And then I started to wonder - does everyone see that?

The other thing I really don't like about the new Dynamic View format, is the SEARCH feature. Sometimes I want to find a post (or typically something I mentioned once but I don't know which post it's in!), and all it does is highlight the text, but I have to scroll down for an eternity to find it!

Do you hate it, too? Would you rather I revert back to a simpler format?

I may anyway, but I would love to hear feedback. Please cast your vote / post your opinions below (Comments).

Because the whole point of writing this blog is to SHARE information EASILY with YOU! And if it's not working, please say so!

Tuesday, May 8, 2012

The Hawkins' Maiden Voyage

Well, I'll say one thing for pressure cooking - it's exciting! Slightly scary the first time, too! Jets of hot steam that you cap (manually and bravely!) with a weighted regulator, bursts of steam periodically from the vent (it sounds like a locomotive, which runs on steam after all!), and then the short-cut depressurizing by lifting the little stop-cock vent weight regulator with the end of a spoon or a fork . . . at which point all the steam comes hissing out right next to your fingers!

Only my fingers didn't get burned, but my thumb did. I (wrongly) assumed that the regulator would have cooled enough to handle it with my well-seasoned fingers after the entire lid had sat out cooling for a minute or so. Yee-ouch. It stays QUITE hot for quite some time!

The manual didn't warn about that (it covered everything else in great detail, so I'm not complaining!), so I will:

When removing the vent weight from the lid (long after you've removed the lid from the pot!), either wait for a long while for the metal to cool, or use an oven mitt/cloth because it gets, perhaps unsurprisingly, quite hot from having pressurized steam flowing out of it!

WARNING: this weight vent pressure regulator gets HOT HOT HOT!

And I suppose that this is why there should be a trial run! I'm learning, oh how I'm learning! One surprising minute after the next!

Here's a little slideshow of the steps involved:

Element set on "high"; contains 2 cups tap water + 1 tsp lime juice.

Steam at first spurts, then steadily blows out of the vent.

Then (the scary part) you CAP the steam geyser with the little regulator, pressing it down to "click" in place!

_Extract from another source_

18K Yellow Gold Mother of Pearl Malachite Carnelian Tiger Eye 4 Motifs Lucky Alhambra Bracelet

And after a few anxious moments, the thing BLASTS steam and lifts the weight! And then silence. And then BLAST! Then you reduce the heat to MEDIUM. I suppose this is a continuous cycle as pressure builds up, is released, then builds again. The steam didn't travel far from the pot.

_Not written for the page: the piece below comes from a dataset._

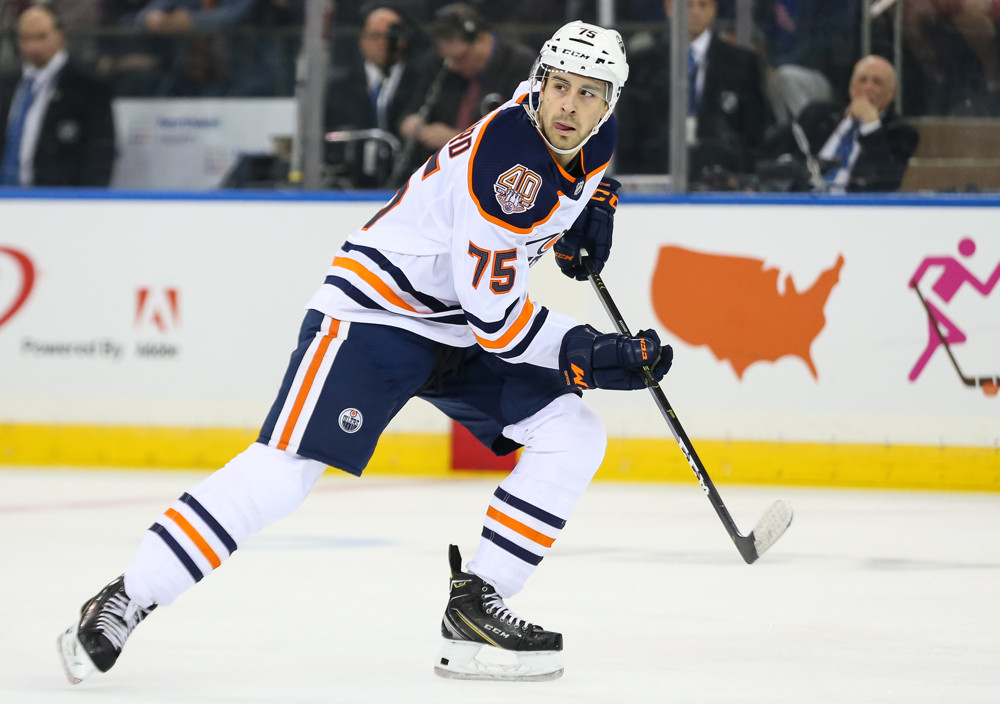 NEW YORK, NY - OCTOBER 13: Edmonton Oilers Defenceman Evan Bouchard (75) is pictured prior to the National Hockey League preseason game between the Edmonton Oilers and the New York Rangers on October 13, 2018 at Madison Square Garden in New York, NY. (Photo by Joshua Sarner/Icon Sportswire)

And then another scary step - you remove the pot from the burner (while you move it, it BLASTS steam, which is really unnerving!), and then short-cut the depressurization process (optional) by lifting the weight with the end of a fork. And all the steam again comes BLASTING out!

Weirdly, the manual explicitly said to add 2 cups of water plus 1 teaspoon of fresh lime juice (which I did) in order to keep the inside of the cooker 'clean'. But when I opened it after the run, it had clearly become discoloured...

See the splash marks from the water and lime juice?

Ah well, I suppose I'll be putting worse into it very soon anyway! Next up are the navy beans for the Eggplant and Navy Beans in Kalonji and Tamarind Curry recipe (Vij's, of course!).

Add 1 cup navy beans (dry, unsoaked)

Add 4 cups water

Cook for about 25 minutes and voila! Cooked beans! (No, sadly not 11 min; that required a 1hr pre-soak)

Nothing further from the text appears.